─── Data shown ───

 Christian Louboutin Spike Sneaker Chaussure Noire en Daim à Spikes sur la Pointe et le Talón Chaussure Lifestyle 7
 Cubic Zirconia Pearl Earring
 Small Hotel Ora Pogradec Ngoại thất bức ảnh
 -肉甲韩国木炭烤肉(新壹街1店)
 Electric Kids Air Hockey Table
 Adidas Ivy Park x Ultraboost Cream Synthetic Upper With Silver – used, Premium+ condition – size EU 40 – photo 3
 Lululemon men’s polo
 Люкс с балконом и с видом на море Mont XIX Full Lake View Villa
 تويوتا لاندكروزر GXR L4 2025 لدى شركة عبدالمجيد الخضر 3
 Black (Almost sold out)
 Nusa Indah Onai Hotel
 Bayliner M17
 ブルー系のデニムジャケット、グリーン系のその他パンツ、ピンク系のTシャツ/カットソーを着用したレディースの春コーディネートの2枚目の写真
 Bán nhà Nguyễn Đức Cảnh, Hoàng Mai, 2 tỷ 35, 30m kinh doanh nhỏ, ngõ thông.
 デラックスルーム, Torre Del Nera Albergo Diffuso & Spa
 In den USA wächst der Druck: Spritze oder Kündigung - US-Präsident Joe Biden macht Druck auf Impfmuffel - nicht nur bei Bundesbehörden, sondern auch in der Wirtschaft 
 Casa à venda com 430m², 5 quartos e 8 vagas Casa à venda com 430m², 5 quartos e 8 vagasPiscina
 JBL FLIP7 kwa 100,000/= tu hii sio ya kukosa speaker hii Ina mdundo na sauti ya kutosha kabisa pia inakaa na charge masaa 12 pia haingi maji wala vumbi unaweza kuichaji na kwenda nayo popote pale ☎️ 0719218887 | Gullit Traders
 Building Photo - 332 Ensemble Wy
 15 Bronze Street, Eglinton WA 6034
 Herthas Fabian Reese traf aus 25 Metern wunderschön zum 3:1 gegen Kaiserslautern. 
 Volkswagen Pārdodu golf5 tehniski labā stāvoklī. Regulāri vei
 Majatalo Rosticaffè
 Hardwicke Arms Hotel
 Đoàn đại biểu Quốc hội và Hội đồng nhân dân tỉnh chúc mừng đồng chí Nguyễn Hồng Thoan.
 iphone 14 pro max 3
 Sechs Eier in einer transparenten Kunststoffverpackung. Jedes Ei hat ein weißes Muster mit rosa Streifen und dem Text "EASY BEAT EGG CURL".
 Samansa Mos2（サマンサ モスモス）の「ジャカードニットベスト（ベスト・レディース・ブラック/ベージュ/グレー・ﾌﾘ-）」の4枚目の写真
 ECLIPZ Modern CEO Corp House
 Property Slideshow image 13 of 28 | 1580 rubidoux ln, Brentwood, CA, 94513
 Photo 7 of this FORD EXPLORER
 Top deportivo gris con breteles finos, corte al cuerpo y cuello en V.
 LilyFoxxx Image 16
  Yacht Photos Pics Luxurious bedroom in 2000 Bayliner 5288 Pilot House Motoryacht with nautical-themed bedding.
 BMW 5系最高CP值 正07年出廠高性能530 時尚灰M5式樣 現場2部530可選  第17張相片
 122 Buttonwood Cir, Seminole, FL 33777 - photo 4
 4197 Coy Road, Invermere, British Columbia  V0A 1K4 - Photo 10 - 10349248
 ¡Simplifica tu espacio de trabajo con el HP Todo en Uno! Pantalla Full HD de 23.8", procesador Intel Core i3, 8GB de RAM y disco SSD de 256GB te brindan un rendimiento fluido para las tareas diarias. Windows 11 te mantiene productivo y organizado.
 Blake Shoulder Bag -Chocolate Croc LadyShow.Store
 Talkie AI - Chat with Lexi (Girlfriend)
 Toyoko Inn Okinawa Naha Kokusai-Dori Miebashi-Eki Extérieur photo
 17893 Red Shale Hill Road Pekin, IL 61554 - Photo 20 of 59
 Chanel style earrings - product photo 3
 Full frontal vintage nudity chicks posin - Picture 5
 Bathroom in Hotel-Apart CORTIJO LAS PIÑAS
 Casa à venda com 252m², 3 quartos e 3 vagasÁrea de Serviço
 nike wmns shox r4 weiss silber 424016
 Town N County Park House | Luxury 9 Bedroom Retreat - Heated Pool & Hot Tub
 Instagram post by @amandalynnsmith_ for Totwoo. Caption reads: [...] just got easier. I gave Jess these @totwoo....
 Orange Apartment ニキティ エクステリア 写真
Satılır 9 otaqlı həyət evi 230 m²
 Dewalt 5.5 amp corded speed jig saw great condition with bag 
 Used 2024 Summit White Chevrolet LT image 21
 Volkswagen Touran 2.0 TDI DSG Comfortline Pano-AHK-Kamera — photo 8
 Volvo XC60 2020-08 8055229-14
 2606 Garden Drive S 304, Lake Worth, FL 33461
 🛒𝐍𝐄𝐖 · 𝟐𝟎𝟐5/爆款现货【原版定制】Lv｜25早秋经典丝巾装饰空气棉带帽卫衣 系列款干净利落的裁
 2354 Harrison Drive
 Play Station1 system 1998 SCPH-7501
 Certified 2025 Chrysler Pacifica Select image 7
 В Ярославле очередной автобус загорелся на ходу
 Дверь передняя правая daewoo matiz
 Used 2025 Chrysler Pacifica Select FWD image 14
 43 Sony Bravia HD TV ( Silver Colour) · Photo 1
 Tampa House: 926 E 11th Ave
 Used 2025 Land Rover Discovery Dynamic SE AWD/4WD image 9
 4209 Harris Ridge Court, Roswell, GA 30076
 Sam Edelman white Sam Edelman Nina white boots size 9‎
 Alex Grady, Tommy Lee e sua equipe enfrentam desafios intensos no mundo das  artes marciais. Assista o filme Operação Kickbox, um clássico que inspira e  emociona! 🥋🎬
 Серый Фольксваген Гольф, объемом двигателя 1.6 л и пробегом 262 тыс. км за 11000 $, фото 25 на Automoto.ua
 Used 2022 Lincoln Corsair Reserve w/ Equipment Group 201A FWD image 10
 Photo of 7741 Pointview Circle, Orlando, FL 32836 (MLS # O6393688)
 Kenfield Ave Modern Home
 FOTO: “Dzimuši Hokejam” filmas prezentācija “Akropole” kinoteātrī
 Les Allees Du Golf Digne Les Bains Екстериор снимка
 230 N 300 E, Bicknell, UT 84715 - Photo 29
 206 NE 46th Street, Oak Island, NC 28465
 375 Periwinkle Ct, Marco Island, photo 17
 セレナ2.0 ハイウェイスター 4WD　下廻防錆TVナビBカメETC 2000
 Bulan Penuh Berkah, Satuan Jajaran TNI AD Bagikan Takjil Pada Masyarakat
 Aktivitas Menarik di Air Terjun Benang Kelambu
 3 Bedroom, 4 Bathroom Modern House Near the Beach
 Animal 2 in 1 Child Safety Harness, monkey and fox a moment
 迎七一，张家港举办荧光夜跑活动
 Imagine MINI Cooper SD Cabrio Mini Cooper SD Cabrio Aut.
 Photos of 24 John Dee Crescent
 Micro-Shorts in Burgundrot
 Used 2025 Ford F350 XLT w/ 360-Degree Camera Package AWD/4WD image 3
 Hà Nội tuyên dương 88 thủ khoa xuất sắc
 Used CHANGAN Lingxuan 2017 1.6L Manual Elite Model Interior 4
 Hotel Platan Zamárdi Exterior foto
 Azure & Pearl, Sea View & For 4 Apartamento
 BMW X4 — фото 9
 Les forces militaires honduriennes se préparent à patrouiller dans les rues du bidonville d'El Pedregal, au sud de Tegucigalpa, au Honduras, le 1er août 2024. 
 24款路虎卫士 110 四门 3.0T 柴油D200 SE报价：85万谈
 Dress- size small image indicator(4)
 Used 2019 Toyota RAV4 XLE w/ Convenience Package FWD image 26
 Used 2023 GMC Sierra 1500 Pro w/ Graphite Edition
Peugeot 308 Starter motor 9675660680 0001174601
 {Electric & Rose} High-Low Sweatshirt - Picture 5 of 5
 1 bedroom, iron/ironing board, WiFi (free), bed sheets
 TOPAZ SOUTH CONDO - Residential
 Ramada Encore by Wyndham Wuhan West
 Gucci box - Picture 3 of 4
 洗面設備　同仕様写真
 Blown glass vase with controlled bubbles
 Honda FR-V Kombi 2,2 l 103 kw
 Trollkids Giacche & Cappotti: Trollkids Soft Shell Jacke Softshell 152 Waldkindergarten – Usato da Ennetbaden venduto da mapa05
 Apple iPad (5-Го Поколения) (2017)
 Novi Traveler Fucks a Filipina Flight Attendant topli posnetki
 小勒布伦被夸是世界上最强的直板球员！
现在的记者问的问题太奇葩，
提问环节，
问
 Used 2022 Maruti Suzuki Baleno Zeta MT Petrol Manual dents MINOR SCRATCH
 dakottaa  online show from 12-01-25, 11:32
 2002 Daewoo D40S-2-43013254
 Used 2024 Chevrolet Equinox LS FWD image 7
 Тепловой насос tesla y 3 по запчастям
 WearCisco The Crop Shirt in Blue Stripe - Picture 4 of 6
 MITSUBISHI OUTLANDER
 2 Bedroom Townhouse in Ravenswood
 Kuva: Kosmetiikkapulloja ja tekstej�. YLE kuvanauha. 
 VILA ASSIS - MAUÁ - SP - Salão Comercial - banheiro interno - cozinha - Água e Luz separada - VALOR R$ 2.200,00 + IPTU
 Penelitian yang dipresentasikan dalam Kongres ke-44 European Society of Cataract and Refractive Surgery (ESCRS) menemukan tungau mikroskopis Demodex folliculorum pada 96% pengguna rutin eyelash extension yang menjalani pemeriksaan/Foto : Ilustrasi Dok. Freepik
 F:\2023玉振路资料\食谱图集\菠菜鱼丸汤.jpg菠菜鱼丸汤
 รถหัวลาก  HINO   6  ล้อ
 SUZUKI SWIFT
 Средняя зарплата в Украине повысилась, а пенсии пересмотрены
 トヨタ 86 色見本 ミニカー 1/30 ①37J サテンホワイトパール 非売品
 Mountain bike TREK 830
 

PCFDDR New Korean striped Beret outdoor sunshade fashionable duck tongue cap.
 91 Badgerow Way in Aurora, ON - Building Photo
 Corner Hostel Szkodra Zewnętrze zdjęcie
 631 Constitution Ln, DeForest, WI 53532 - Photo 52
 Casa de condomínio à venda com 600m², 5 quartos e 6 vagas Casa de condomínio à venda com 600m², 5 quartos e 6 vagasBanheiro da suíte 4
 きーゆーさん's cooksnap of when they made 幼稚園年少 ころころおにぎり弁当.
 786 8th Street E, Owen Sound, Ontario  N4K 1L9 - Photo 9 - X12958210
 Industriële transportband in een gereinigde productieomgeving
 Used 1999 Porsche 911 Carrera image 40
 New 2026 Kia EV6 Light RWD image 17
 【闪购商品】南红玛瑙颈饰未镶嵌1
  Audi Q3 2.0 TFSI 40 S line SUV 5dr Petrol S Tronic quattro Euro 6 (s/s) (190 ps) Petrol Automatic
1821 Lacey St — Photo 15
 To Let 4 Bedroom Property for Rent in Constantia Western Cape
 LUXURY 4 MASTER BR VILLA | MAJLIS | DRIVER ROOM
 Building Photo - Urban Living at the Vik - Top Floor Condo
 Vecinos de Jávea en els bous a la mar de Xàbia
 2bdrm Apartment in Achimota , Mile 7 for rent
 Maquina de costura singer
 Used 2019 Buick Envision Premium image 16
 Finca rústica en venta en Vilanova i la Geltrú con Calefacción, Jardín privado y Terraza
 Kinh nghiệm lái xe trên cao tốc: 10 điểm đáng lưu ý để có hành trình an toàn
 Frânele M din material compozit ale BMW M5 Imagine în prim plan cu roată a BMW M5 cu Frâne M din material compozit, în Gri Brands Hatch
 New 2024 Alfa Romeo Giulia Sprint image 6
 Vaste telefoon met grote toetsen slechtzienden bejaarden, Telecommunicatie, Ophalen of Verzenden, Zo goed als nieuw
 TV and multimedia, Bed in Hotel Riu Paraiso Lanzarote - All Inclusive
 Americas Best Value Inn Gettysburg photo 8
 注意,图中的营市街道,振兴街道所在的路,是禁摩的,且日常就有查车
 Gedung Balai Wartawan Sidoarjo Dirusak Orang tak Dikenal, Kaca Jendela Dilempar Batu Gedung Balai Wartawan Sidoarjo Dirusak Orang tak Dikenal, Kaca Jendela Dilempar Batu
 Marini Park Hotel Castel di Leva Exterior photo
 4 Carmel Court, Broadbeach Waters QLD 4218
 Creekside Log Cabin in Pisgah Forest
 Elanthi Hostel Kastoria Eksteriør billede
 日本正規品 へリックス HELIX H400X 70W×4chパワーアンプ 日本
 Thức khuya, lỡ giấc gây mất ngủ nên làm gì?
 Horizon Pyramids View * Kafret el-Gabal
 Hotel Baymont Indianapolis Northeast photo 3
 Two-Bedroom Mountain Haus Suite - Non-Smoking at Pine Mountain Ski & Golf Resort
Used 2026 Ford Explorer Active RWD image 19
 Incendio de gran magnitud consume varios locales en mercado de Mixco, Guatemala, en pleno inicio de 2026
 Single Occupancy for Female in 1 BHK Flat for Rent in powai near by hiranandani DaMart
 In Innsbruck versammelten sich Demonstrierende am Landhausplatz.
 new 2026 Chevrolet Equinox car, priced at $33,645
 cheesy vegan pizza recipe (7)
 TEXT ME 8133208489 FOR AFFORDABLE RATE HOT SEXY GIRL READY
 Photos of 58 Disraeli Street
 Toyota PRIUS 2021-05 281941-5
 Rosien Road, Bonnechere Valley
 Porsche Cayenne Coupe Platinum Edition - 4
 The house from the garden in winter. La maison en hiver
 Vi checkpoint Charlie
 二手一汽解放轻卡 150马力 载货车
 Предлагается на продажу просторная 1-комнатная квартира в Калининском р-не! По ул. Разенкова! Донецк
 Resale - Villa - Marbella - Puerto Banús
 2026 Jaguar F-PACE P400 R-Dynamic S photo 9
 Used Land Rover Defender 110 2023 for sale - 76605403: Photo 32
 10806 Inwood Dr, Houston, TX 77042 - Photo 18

───

Exercise prompt:
In the records, locate each line holding the string "Rover" and copy it.

Written solution:
 Used 2025 Land Rover Discovery Dynamic SE AWD/4WD image 9
 Used Land Rover Defender 110 2023 for sale - 76605403: Photo 32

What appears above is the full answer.